Brief
Omit all pictures and transcribe only the lines in the entries below that run from the line with "Herren T-Shirt Jack" through the line with "Toyota Sprinter Se Vintage 1999".

(Web page caption snippets)
○ ○ ○ ○ ○

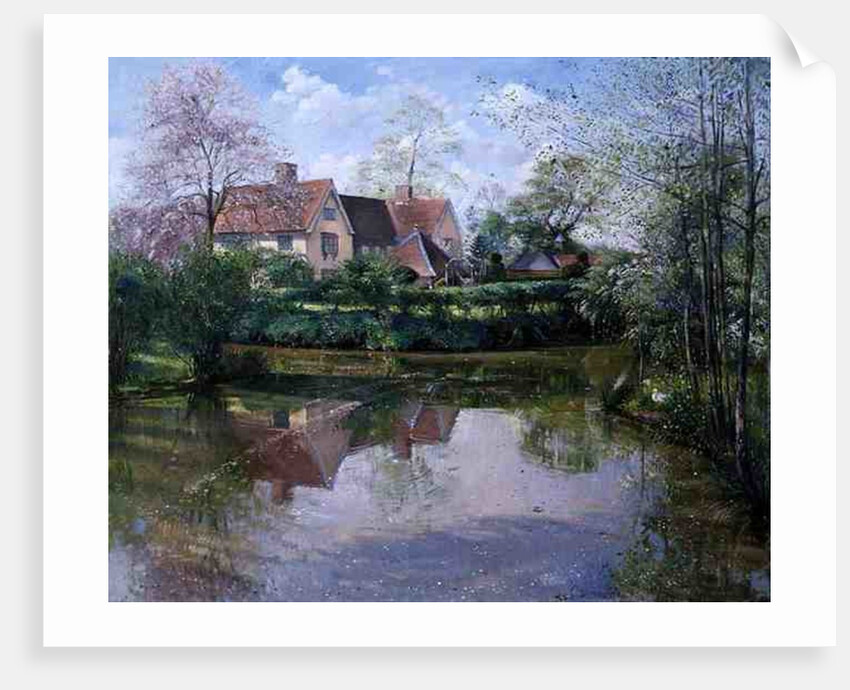 Where the Waters Cross by Timothy Easton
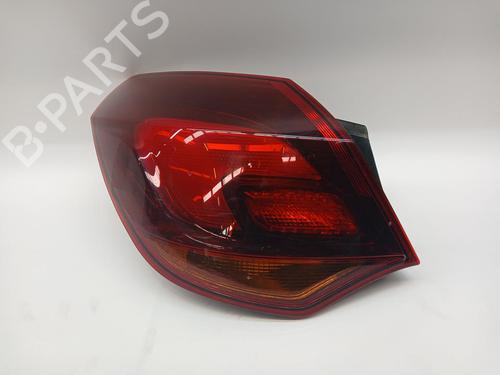 Used Left taillight Left taillight 38470424 38470424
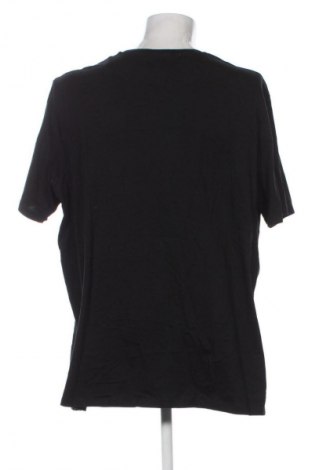 Herren T-Shirt Jack & Jones, Größe 4XL, Farbe Schwarz, Preis € 22,99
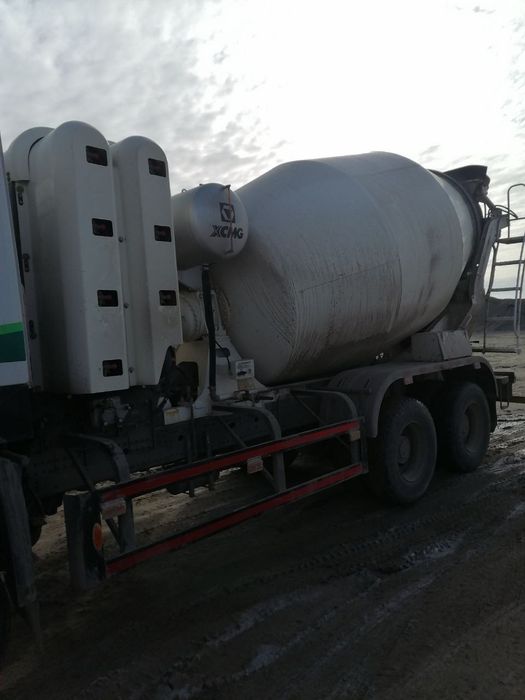 Аренда экскаватор самосвал миксер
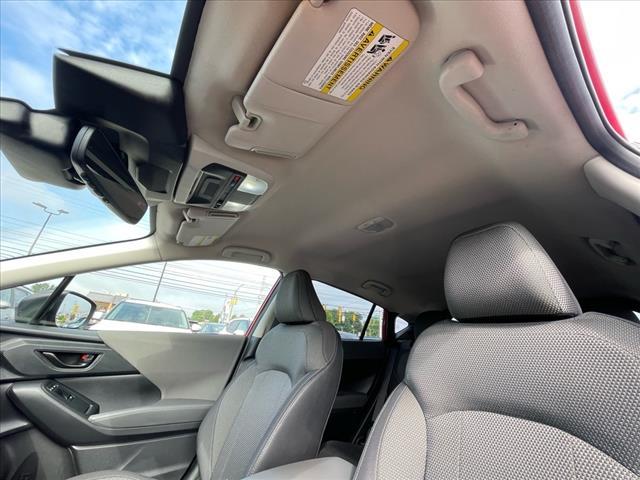 used 2024 Subaru Crosstrek car, priced at $27,990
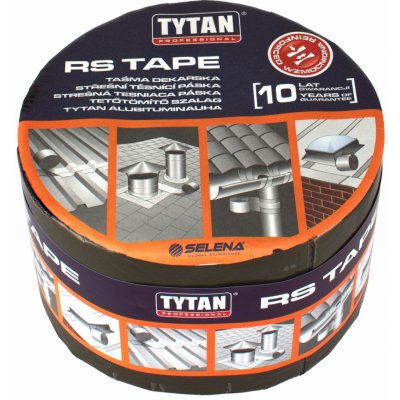 Tytan RS Tape Strešná tesniaca páska bitúmenová 10 m 10 cm x 10 m tehlovo červená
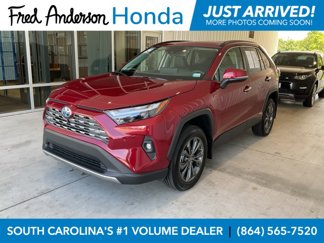 Used 2024 Toyota RAV4 Limited image 1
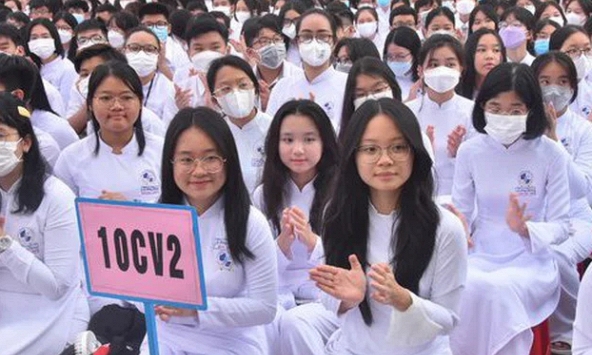 Mức thu, sử dụng học phí mới tại TP HCM năm học 2022-2023 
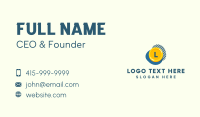 Coinage Business Card example 2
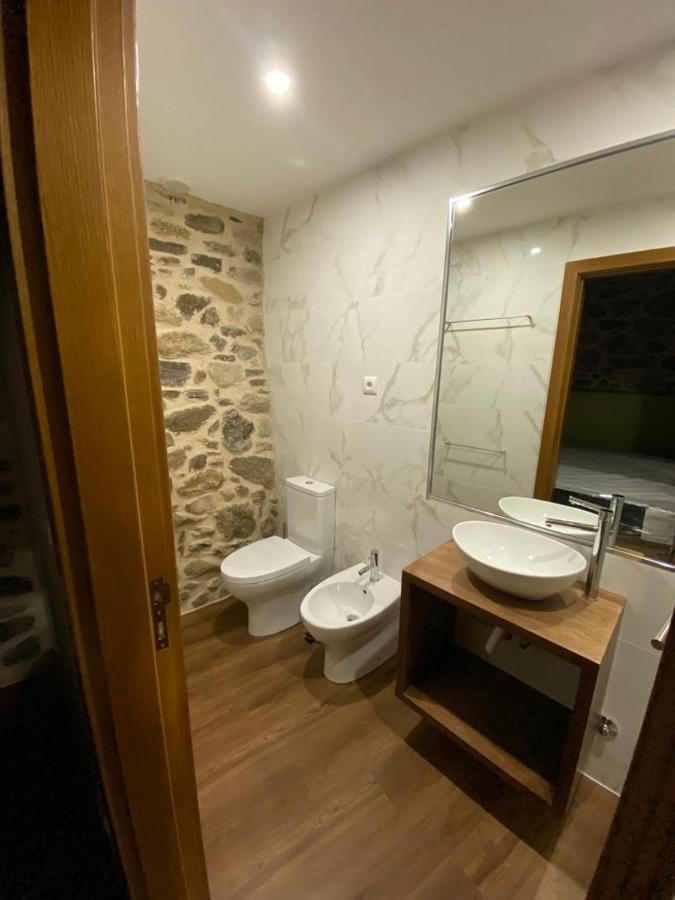 Casa Da Mae - Izei Appartement Chaves Buitenkant foto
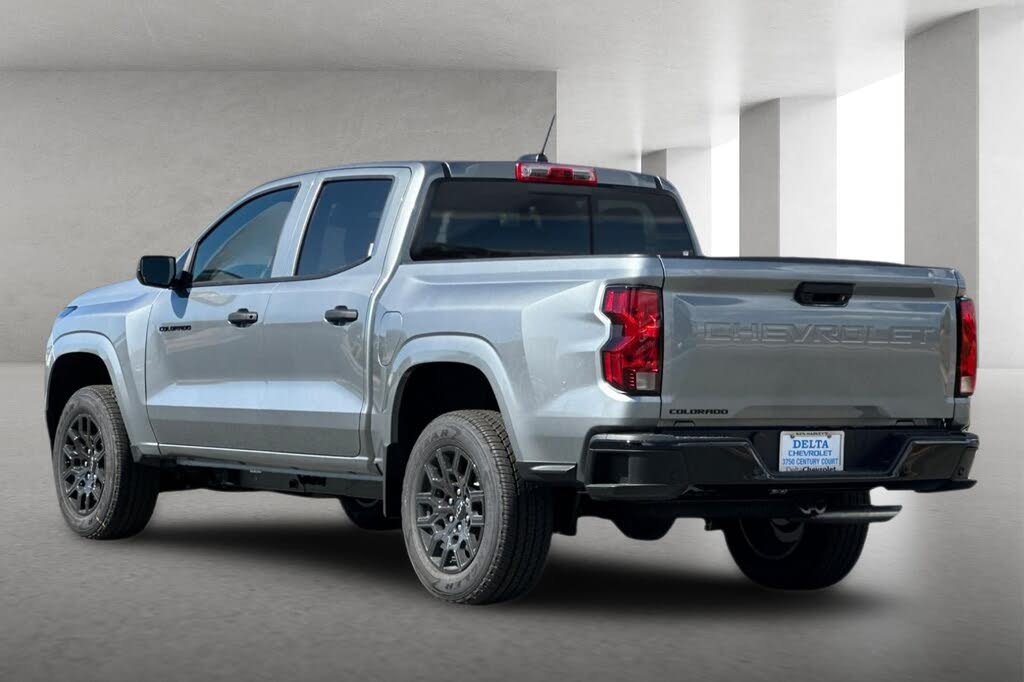 2026 Chevrolet Colorado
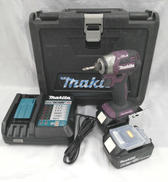 充電式インパクトドライバ|MAKITA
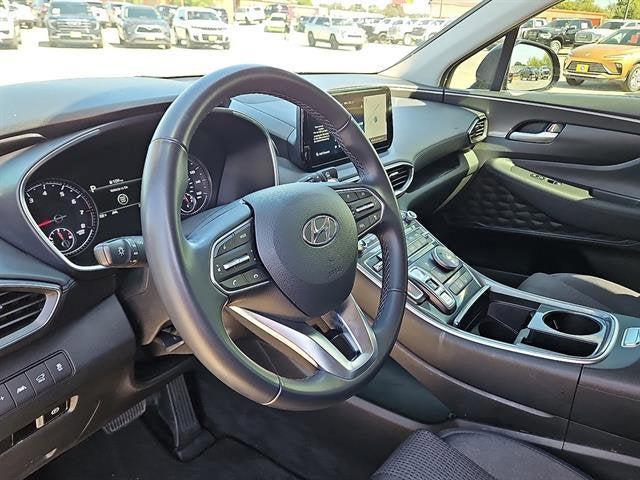 used 2023 Hyundai Santa Fe car, priced at $24,951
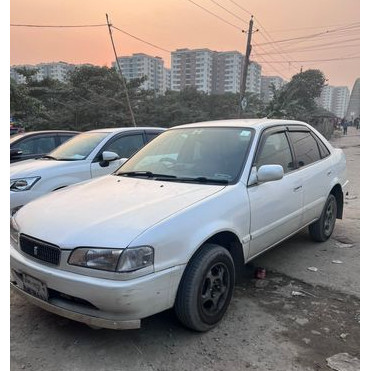 Toyota Sprinter Se Vintage 1999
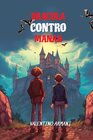 Buchcover Lerne Italienisch mit Dracula Contro Manah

○ ○ ○ ○ ○

Response below
 Herren T-Shirt Jack & Jones, Größe 4XL, Farbe Schwarz, Preis € 22,99
 Аренда экскаватор самосвал миксер
 used 2024 Subaru Crosstrek car, priced at $27,990
 Tytan RS Tape Strešná tesniaca páska bitúmenová 10 m 10 cm x 10 m tehlovo červená
 Used 2024 Toyota RAV4 Limited image 1
 Mức thu, sử dụng học phí mới tại TP HCM năm học 2022-2023 
 Coinage Business Card example 2
 Casa Da Mae - Izei Appartement Chaves Buitenkant foto
 2026 Chevrolet Colorado
 充電式インパクトドライバ|MAKITA
 used 2023 Hyundai Santa Fe car, priced at $24,951
 Toyota Sprinter Se Vintage 1999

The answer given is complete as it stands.